To help address global environmental problems caused by carbon emissions, the demand for developing clean energy is growing rapidly [1]. As one of the most promising technologies, lithium-ion batteries (LIBs) have been widely used in different scenarios [2], [3]. However, the existing lithium resources on earth cannot meet the continuous needs of portable energy storage devices, not to mention large-scale energy storage systems [4]. In this case, rechargeable sodium-ion batteries (SIBs) are good alternative considering the abundant sodium resources and relatively mature technique that can be inherited from LIBs [5], [6]. For multiple components of SIBs, cathode is the key factor that determines the energy density and operative voltage, among which layered transition-metal oxide (NaxTMO2, 0 <x ≤ 1, TM=Ni, Co, Mn, Fe, V, etc.) is one of the most applicable candidates due to its high energy density and simple production methods [7], [8]. According to the different coordination of sodium ions and the sequences of oxygen atoms, NaxTMO2 can be classified as either P2 or O3 type [9]. Generally, O3-type cathode materials are noted for their high capacity, with fully occupied octahedral (O) sites by Na+. Nevertheless, complex phase transitions during the charging process and natural kinetic defects limit its practical application [10], [11]. In contrast, the P2-type cathode materials have more potential in terms of application prospects, as P2-type cathode materials possess unobstructed Na+ migration pathways due to unique local environments of prismatic (P) site [12]. Whereas irreversible structural destruction caused by a large volume change at high voltage suppresses its capacity release and long cycle performance [13]. Moreover, initial Na deficiency in the Na layers restricts the discharge capacity of P2-type cathode materials, especially in full cell usage [14].

Normally, there are two ways to prolong the lifespan of P2-type cathode materials.
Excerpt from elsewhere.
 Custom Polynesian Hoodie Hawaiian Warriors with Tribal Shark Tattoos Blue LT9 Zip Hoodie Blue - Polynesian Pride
One is to narrow the working voltage range, which can avoid structural evolution at high voltage but will inevitably sacrifice a part of capacity [15]. The other is to modify transition metal (TM) layers by introducing active or inactive metal ions (Cu2+, Fe2+, Mg2+,Ti4+) [16], [17], [18], [19]. As a result, the solid-solution reaction is reported to be sustained over a wide voltage range, and the high voltage P2-O2/OP4 phase transition is relieved, which ensure smoother and longer cycling performance. Many researchers ascribed these improvements to the break of Na+/vacancy ordering, which is highly involved with the Na+ arrangement in Na layers [20]. Generally, two different Na sites co-exist in the Na layer of P2-type cathode. Empirically, the Na sites sharing faces with two MO6 octahedra are labeled as Naf sites, while the Na sites sharing only edges with MO6 octahedra are labeled as Nae sites [21]. Na+ resided in Nae site typically appears to extract faster than Na+ in the Naf site [12]. The two distinct Wyckoff sites are occupied as a particular manner in the balance of Columbic forces between Na+-TMn+, Na+-Na+ and electrons [22]. Recently, more and more researches focused on the substantial effect of Na+ distribution on Na+ kinetic transport and high voltage structural stability. For instance, Na+ coordinating with different TMn+ is verified to have quite inequable migration barrier. The incorporation of specific TM atoms can facilitate better kinetic process [23]. In addition, a well-controlled phase transition process is verified to be concerned with the uniform distribution of Na+ at high voltage [24]. Thus, it can be assumed that rational manipulation on the arrangement of Na+ in Na layers is the key to obtain high-performance P2-type cathode materials.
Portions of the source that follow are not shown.